FIG. 15 illustrates a modification of either one of the two described methods, that implies that the raise 10 is provided essentially centrally in the ore body 24 and a vent drift 40 and 42, respectively, is provided at each end of the ore body to be mined. Thereafter mining is carried through towards both directions from the lift cage 20 with either one of the two described methods.
FIG. 16 illustrates a very advantageous embodiment of the ventilation of the working site. In the drift 6 above the ore body 24 a closure 44 is provided so that fan driven vent air 45 is thus forced to flow past the worksite via the raise 10 and thereafter upwardly along the auxiliary raise 12.
In FIG. 18 some further details of a working platform 30 are shown. More particularly, the platform 30 carries on its underside a roller suspended lower lengthening deck 46, that can be brought to the protruded position shown and from a platform for scaling and attachment of new guide sections 38. At 47 support struts are indicated.
With reference to FIG. 19 there are means 48 for suspending at need, the guide sections 38 pivotally in their attachments 50. The pivoted suspension of the guides eliminates the need of a mounting surface extending esentially in the same horizontal plane along the ore body and admits attachment, e.g. in a hanging wall 52, instead of the roof of the narrow mining chamber, if this should be regarded as necessary, e.g. of strength reasons. Of course, the hanging wall can then also lean towards a direction opposite to that shown in FIG. 19.
With reference to FIGS. 20 and 21 the mining platform can be pivotally suspended both about a vertical pivot 54 and a horizontal pivot 56. In these FIGS. 58 designates support or drive wheels for the platform on the guides 38, and 60 is a suspension strut for the platform, see also FIG. 18. In FIGS. 20 and 21 and the guide 38 is rigidly attached with its attachment 50 in the horizontal roof of the mining chamber, contrary to the embodiment in FIG. 19. By the pivoted suspension of the mining platform, it can be flexibly adapted to the changes of direction of the mining chamber.
To enable adaption of the extension of the guide sections 38 to the sideward windings of the mining chamber and even bridge smaller faults, joining members 62 of the kind schematically illustrated in FIG. 22 can be used in arbitrary combinations for angling or shifting in parallel of the guide sections 38 with respect to each other. The width of such joining section 62 corresponds to the tooth or pin rack pitch of the guide sections, indicated by points 63 in such a way that said pitch is also maintained in the joint transitions. In order to eliminate risk of jamming for the pinions cooperating with the tooth or pin rack, the tooth or pin of the joining section 62 that extends in the drawing plane in FIG. 22a-c, should be bevelled, i.e. have clearances towards the ends.
In order to be able to pass a portion with non-interesting minerals, see 2 in FIG. 1, it can be desirable in certain cases to pass it on its upper or lower side. For this purpose it may be needed to change the direction of the guide sections upwardly and/or downwardly. Also here joining elements of a similar type as the joining elements 62 in FIG. 22a-care then used. Introduction of such joining elements 64 is schematically illustrated in FIG. 22d.
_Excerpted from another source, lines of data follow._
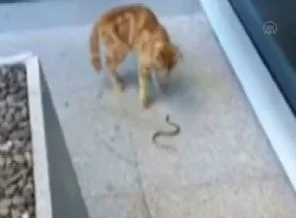 Kedi ile yılan kavgaya tutuştu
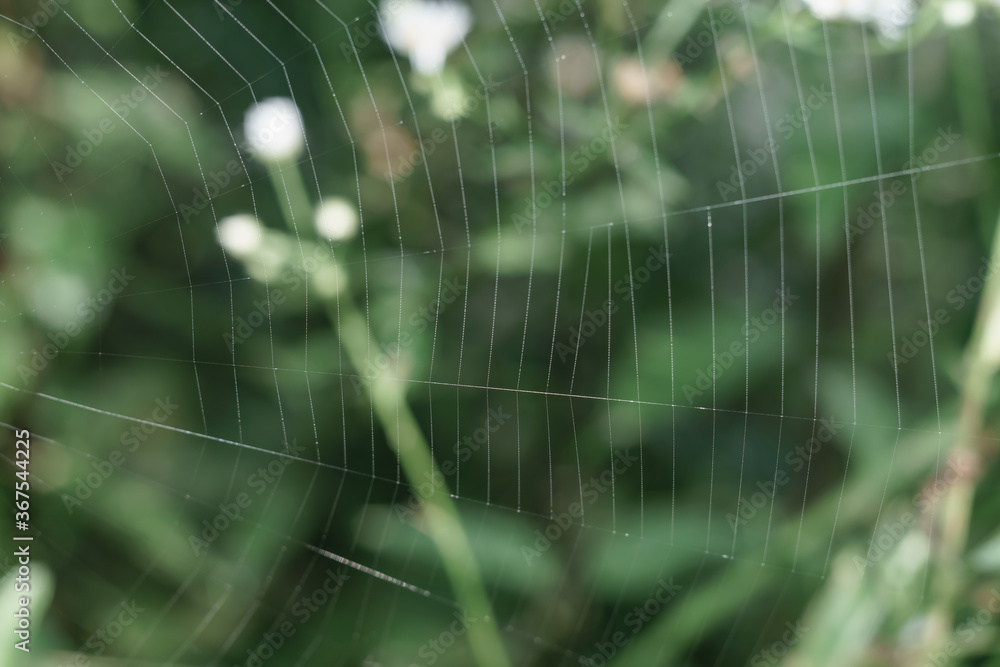 Poster cobweb or spider's web against a natural background, dew on a spider .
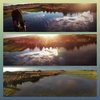 photostudio_1670523772602.jpg
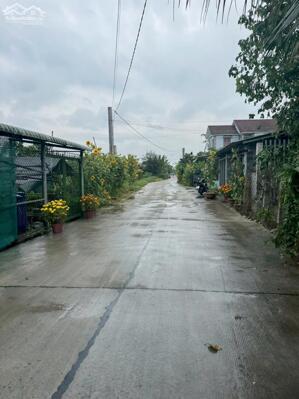 Bán đất thổ 5x40 mt Nguyễn Văn Vịnh 6m gần 2 cụm KCN thuộc Xã Tân Trụ Tỉnh Tây Ninh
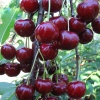 vishnya_duk_kormilica (1)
Since the teeth or pins of these joining elements 64 extend perpendicularly to the drawing plane in FIG. 22d there is no risk for jamming and accordingly there are neither any end clearances required.
Of the above types of joining elements 62 and 64, respectively, two types each are required, viz. for the joining elements 62 rightwardly and leftwardly directed design, respectively, and for the joining elements 64 upwardly and downwardly directed designs, respectively. The reason for this is that these joining elements as well the guide sections 38 shall include conduit sections for air and water to the mining equipment.
If not otherwise state, the components included in the mining equipment, which have not been described in more detail, can be of conventional kind. Thus, guide sections, drive means for the transport lift cage, drill rigs, etcetera, be of a conventional design, well known to the man of the art.